All installations with "dom.push.enabled = false" did not download CRLite files, the folder "security_state" is empty. I'm mostly sure the trigger value of 24 hours is also related to Remote Settings and not used when Push Services are disabled.

[Thorin-Oakenpants]

https://codeberg.org/librewolf/issues/issues/1794

two weeks .. dead silence ... nobody's home!!

---

so https://github.com/arkenfox/user.js/pull/1816/commits/e037014a56ed22a7de39ebef6efe9dfe0c325549 is the commit

speak up if anyone is unhappy with how I framed it

[brokoler]

@Thorin-Oakenpants Guess it will never work with Librewolf, since they block the hardcoded URL "firefox.settings.services.mozilla.com". It's a philosophy thing I guess.

Also there is a testing website, with a revoked certificate, to check if CRLite works: https://digicert-tls-ecc-p384-root-g5-revoked.chain-demos.digicert.com/ (Make sure OCSP checking is disabled when you want to test if CRLite works)

With the settings Arkenfox is using it works fine!

[brokoler]

@Thorin-Oakenpants some more updates about my findings.

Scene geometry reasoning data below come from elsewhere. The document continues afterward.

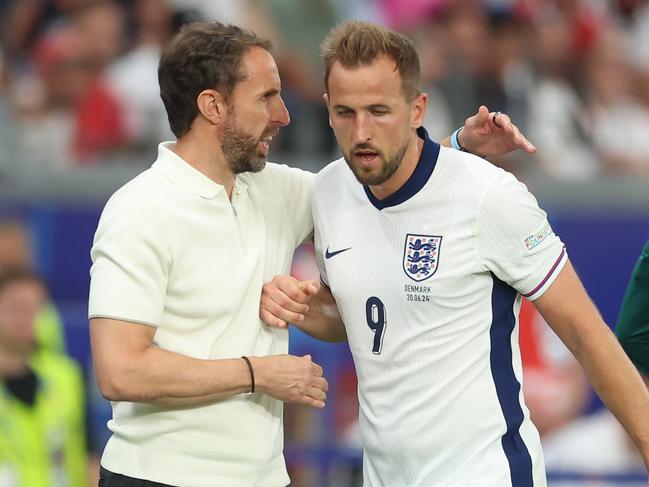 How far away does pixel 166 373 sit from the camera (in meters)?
3.88

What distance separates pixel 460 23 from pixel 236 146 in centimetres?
519

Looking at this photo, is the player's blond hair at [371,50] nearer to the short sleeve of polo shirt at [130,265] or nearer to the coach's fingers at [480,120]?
the coach's fingers at [480,120]

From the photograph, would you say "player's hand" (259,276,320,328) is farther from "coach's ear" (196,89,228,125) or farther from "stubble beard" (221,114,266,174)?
"coach's ear" (196,89,228,125)

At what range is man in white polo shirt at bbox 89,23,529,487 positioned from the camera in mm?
3889

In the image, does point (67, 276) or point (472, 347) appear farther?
point (67, 276)

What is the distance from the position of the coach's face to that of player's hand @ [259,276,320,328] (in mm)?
410

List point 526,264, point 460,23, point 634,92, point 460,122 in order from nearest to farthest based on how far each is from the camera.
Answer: point 526,264
point 460,122
point 460,23
point 634,92

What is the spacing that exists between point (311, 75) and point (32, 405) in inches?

You can download CRLite files with dom.push.enabled = false In this case services.settings.poll_interval = 1 is required (all other values didn't work for me).

These values combined successfully download and update CRLite files with the AWS push connection being disabled. With these parameters the download is triggered by the Firefox client only, also the files are downloaded immediately after first startup (takes around 1 minute).

[Thorin-Oakenpants]

Thanks

In this case services.settings.poll_interval = 1 is required (all other values didn't work for me).

yeah .. we're not going to do polling every 1 second and I wouldn't expect anyone else to either. So I think the user.js edit is perfectly correct given a few assumptions

[fossfreak]

dom.push.enabled is true in LW ... but I did see a bunch of maybe related errors in the console for remote-settings/ .. so my best guess is this is caused by a patch they did trying to make "Firefox silent"

I was able to override this behaviour in LW by changing the setting services.settings.server to https://firefox.settings.services.mozilla.com/v1

In WF the setting wasn't present. After adding it the CRLite files populated after a few minutes, just like in FF stable.